As you will be aware, last February 28 internet registered one of those great failures that ended up affecting a lot of the webs, services and applications that we use daily. This was due to a fall in Amazon Web Services (AWS) service S3 (Simple Storage Service), one of the largest on the internet and where companies such as Hootsuite, Twitch, Airbnb, Giphy, Trello, IFTTT and others are hosted.
After the affectation that lasted almost five hours, today 48 hours later Amazon informs us what happened. The company is publishing a report where it explains the origin of the failure, where it is confirmed that it was not an attack as many thought, but a "simple" human error.
Human Errors and the Fragility of the Network
It all started when Tuesday morning some members of the Amazon S3 team were debugging the billing system, which was to shut down some servers. An authorized member of the team executed a command according to what was established in the manual, unfortunately one of the entries of the command was entered erroneously and ended up disabling a larger than expected set of servers.
Among the servers that were left offline were two important subsystems that support S3, one of them is responsible for managing the metadata and location information of all S3 objects in the region. Subsystem that was not operative could not perform basic tasks of data recovery and storage.

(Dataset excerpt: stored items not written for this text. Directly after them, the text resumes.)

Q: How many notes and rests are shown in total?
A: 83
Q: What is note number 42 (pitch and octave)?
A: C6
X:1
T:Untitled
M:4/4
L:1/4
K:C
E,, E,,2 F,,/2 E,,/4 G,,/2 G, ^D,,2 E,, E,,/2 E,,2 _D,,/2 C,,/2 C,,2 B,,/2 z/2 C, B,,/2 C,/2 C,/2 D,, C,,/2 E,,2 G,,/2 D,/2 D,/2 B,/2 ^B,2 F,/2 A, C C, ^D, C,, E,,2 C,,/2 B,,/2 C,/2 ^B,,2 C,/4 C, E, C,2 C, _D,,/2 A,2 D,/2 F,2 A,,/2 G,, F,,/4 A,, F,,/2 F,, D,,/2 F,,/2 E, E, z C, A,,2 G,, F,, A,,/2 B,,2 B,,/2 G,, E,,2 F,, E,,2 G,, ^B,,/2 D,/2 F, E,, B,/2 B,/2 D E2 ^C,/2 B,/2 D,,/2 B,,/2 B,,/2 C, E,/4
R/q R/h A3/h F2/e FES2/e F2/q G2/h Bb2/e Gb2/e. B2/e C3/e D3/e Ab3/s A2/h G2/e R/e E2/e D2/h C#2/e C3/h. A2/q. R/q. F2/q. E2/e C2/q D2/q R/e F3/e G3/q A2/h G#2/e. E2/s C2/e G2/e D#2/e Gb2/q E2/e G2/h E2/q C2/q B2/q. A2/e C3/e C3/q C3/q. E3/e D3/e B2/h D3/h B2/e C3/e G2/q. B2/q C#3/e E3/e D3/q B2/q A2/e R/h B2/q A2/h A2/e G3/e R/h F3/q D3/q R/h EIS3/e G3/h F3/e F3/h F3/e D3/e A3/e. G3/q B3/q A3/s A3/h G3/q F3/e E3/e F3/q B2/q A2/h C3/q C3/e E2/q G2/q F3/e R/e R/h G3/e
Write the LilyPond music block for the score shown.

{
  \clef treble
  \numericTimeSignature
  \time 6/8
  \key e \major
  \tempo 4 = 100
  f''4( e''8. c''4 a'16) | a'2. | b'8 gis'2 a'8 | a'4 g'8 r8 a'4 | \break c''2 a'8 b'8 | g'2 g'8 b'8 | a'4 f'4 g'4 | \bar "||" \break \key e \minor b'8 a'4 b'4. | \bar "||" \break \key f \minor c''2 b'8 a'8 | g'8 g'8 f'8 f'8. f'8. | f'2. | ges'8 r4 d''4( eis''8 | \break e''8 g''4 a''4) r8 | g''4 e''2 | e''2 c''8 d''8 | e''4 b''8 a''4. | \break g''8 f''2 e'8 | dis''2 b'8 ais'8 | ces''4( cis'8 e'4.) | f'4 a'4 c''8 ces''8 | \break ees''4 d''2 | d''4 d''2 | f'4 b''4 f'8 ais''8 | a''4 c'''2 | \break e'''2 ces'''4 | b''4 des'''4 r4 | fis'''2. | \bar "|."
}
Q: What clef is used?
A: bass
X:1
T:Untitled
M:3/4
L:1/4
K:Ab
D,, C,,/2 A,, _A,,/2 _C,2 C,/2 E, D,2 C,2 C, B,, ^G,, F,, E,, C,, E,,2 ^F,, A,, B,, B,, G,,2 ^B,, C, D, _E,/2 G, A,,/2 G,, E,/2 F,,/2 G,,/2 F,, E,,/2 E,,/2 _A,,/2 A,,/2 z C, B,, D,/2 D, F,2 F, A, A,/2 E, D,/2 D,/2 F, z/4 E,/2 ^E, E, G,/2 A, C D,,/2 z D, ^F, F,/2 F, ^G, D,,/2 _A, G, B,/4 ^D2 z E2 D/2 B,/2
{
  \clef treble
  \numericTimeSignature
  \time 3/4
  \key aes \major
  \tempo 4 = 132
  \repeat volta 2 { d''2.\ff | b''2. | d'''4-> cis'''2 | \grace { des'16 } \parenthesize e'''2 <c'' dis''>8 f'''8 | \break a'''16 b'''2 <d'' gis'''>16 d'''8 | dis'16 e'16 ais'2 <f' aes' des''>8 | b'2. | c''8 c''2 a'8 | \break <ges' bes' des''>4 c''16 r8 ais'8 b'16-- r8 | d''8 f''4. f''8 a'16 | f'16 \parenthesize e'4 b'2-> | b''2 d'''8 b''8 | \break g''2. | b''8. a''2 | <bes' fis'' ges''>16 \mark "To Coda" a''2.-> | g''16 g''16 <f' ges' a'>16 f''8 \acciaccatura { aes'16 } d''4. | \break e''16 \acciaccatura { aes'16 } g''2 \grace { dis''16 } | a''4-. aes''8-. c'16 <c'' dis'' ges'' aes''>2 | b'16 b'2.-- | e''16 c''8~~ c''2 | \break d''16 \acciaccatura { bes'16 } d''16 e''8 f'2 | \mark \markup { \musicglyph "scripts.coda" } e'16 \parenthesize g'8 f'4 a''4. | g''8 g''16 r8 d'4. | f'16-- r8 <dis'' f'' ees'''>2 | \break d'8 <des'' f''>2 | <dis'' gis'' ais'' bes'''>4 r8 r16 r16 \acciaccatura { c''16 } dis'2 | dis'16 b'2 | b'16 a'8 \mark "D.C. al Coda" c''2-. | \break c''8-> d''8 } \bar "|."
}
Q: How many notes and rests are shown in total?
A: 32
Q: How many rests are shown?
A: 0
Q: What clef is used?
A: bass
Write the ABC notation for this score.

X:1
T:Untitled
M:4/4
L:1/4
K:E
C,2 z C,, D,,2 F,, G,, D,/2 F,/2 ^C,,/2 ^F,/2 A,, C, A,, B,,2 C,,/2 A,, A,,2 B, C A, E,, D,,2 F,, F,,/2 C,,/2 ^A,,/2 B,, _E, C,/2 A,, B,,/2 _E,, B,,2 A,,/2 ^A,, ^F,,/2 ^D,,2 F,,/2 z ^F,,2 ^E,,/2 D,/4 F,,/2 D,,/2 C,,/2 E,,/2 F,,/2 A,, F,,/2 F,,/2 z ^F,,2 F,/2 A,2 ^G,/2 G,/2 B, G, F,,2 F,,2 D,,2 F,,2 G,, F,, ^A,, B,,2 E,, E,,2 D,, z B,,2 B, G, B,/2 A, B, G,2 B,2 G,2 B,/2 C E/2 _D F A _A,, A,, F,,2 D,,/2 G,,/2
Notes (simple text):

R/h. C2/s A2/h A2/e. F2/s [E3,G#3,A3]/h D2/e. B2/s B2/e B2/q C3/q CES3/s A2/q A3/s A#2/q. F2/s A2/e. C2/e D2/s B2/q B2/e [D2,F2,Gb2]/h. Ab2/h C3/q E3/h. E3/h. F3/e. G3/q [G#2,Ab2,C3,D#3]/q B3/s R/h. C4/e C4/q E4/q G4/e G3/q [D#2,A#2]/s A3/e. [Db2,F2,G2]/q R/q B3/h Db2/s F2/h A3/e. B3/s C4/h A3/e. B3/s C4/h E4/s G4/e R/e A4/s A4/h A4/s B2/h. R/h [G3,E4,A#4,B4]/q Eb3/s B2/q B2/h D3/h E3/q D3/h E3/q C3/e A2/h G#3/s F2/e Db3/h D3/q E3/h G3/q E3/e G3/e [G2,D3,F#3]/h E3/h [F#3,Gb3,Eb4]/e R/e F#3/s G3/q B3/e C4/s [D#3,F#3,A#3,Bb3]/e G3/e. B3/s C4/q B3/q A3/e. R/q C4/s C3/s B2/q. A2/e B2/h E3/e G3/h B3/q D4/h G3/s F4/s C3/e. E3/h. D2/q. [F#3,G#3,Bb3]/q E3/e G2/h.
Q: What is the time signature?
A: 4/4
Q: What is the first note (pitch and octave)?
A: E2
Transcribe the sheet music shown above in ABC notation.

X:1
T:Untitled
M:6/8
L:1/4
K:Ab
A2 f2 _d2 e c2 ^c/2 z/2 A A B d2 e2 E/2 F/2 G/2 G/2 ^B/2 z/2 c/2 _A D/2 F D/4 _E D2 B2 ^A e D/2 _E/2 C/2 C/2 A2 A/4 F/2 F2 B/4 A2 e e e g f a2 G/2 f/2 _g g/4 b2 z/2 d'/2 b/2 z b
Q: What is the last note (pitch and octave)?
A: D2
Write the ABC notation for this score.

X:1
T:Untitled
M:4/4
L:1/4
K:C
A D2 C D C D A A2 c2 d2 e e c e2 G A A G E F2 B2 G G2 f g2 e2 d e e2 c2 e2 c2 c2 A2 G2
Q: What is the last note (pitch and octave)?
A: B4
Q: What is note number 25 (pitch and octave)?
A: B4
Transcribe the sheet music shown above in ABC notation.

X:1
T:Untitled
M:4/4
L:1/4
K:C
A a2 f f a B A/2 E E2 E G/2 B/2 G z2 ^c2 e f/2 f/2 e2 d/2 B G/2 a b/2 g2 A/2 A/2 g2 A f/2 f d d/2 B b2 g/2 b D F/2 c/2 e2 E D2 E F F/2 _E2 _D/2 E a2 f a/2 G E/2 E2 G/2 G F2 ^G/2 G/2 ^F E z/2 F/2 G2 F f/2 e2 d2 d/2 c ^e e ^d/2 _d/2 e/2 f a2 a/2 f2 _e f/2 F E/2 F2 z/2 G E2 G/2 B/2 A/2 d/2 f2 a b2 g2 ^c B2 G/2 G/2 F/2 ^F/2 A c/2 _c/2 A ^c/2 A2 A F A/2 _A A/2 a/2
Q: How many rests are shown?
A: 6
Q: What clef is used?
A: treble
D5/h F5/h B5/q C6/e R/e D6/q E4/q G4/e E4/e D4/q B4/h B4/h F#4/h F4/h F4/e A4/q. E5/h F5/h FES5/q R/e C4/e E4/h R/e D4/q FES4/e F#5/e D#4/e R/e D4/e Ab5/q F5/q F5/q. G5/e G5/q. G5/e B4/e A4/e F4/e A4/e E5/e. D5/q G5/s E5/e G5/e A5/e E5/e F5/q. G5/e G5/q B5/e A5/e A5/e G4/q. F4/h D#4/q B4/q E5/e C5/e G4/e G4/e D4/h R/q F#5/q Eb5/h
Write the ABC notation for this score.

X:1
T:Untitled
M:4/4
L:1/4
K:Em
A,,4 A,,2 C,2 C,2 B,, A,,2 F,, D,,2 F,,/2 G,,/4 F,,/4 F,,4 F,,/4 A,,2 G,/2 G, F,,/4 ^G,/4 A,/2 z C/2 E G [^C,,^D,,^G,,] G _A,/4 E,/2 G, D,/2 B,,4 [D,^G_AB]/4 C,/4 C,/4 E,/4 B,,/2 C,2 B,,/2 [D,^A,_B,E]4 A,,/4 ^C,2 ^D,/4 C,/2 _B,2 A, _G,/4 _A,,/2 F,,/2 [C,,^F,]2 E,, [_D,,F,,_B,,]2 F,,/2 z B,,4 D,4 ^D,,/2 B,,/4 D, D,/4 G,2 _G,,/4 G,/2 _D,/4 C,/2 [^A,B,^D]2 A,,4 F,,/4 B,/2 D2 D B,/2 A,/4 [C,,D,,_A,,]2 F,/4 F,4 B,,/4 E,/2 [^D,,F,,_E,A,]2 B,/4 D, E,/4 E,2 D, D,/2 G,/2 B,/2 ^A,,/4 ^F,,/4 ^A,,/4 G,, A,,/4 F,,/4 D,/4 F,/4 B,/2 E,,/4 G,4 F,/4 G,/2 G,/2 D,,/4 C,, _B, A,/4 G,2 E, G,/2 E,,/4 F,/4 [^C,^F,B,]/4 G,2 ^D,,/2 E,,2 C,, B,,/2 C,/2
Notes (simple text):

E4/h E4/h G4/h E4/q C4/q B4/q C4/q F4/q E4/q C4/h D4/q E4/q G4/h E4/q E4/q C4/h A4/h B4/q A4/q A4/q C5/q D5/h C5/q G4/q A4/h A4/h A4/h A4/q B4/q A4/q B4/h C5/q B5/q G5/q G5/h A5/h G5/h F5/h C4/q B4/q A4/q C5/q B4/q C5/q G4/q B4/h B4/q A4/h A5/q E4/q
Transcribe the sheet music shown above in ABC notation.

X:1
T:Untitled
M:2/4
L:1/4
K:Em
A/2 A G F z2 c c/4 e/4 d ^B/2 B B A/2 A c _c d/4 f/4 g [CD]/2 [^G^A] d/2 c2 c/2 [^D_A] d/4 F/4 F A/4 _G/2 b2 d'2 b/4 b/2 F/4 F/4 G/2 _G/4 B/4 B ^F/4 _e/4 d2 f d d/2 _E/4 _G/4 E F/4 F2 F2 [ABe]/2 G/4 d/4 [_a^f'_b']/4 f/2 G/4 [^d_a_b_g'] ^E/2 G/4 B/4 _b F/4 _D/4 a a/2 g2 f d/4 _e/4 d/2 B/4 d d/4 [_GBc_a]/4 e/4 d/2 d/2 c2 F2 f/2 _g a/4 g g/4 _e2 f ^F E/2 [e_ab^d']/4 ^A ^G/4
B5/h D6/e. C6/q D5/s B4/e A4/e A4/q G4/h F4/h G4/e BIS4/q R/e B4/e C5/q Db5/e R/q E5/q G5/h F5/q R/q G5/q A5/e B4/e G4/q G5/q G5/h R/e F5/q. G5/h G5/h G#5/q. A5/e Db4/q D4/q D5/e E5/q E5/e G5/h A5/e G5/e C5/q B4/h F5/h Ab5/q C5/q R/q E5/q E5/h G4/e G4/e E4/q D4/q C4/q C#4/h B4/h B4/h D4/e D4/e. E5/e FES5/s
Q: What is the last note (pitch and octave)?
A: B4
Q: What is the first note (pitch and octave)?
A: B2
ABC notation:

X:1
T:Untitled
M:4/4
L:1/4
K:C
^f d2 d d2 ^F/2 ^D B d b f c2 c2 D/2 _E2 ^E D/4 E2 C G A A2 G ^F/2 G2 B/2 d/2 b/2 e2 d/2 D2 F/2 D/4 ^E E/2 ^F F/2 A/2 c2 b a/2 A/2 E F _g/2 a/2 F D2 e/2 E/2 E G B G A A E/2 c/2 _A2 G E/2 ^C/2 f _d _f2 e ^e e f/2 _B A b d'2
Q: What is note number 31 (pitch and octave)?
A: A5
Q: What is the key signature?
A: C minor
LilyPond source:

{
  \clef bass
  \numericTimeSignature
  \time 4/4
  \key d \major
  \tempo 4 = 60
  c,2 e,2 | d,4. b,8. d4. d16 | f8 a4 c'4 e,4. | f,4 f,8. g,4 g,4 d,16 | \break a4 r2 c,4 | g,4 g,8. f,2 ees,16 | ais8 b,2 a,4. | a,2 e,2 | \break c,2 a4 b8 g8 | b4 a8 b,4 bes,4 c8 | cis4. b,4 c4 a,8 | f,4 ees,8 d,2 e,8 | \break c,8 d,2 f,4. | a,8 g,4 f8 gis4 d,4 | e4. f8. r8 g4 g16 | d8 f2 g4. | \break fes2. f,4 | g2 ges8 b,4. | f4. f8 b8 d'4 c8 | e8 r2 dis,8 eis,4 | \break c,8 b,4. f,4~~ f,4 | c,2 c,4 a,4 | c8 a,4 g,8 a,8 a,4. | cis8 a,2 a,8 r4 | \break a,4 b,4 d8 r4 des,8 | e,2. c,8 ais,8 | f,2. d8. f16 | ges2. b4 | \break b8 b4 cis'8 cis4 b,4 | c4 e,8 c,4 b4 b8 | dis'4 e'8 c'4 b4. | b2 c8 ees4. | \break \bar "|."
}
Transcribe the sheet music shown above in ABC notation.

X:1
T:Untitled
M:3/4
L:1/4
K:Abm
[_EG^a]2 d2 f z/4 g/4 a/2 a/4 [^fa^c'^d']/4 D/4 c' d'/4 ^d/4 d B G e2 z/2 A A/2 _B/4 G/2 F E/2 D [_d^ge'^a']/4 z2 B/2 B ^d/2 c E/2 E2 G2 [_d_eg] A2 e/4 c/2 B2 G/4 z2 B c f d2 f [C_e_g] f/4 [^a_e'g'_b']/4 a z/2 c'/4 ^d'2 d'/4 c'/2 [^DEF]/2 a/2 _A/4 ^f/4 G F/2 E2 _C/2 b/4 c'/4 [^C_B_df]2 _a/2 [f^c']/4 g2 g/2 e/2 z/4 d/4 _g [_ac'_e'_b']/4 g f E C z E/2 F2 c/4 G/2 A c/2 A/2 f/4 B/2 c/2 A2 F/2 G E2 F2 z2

When the error was discovered, the next step was to restart the entire system, which took longer than expected. While all this was happening, other AWS web systems stopped working, such as Elastic Compute Cloud (EC2), which is used by companies to expand their cloud storage. And the bad news is that many of AWS's own services are linked to S3 services, like the dashboard, which during the failure showed that all services were working well, when it was clear that it was not.
According to Amazon, the reboot took much longer than expected because many of the servers had never been restarted, and although S3 is designed to work with the loss of some servers, subsystem crashes affected the performance of Important way. The company claims that this error has served to adjust the protocols and make changes, such as periodic debugging on a scheduled basis; Now engineers may not have the ability to disable servers; And the dashboard will be a system independent of S3.
Before all this, it would be interesting to know what the fate of the engineer was, since a failure of this caliber is serious, but in the end did everything that was in the manual. What is important to note, is that in the midst of artificial intelligence, robots and technology, the network remains fragile and more when there are human failures.